Where the data below contains pictures, omit them; output the rest word for word.

========================================

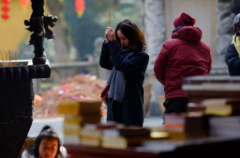 最近很倒霉怎么转运，如何化解霉运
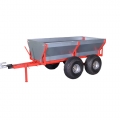 vendita all'ingrosso di offroad atv utility trailer vendite 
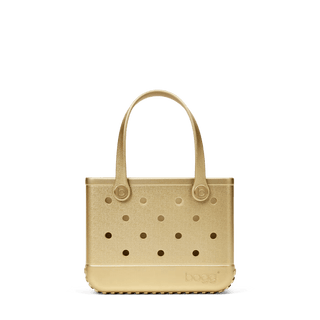 Bogg Bag-Bitty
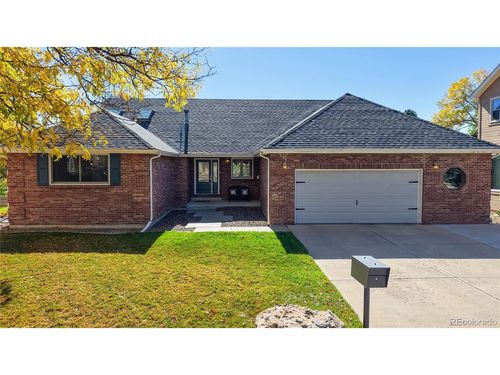 1184 Merion Pl, Broomfield, CO, 80020-1249 | Card Image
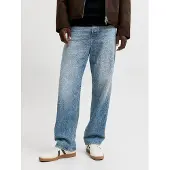 Jack & Jones Alex Original Am 398 Jeans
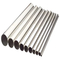 Hastelloy C-4 C-4 tubos sin costuras para perforar al aceite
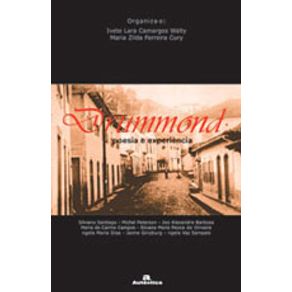 206773_detalhes.jpg 206773_detalhes.jpg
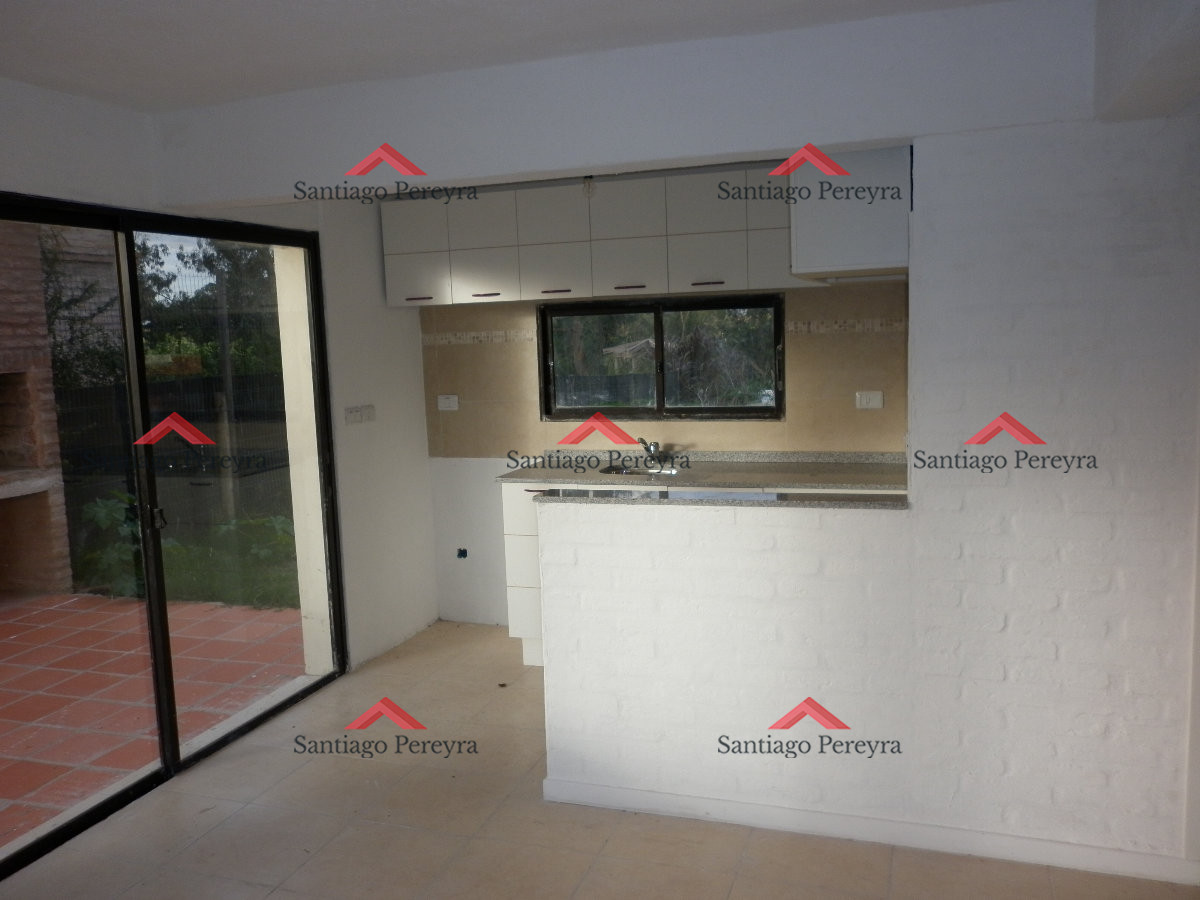 Cantegril - GoPunta - Portal Inmobiliario de Punta del Este - Maldonado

========================================

* **WRITTEN SOLUTION**
 最近很倒霉怎么转运，如何化解霉运
 vendita all'ingrosso di offroad atv utility trailer vendite 
 Bogg Bag-Bitty
 1184 Merion Pl, Broomfield, CO, 80020-1249 | Card Image
 Jack & Jones Alex Original Am 398 Jeans
 Hastelloy C-4 C-4 tubos sin costuras para perforar al aceite
 206773_detalhes.jpg 206773_detalhes.jpg
 Cantegril - GoPunta - Portal Inmobiliario de Punta del Este - Maldonado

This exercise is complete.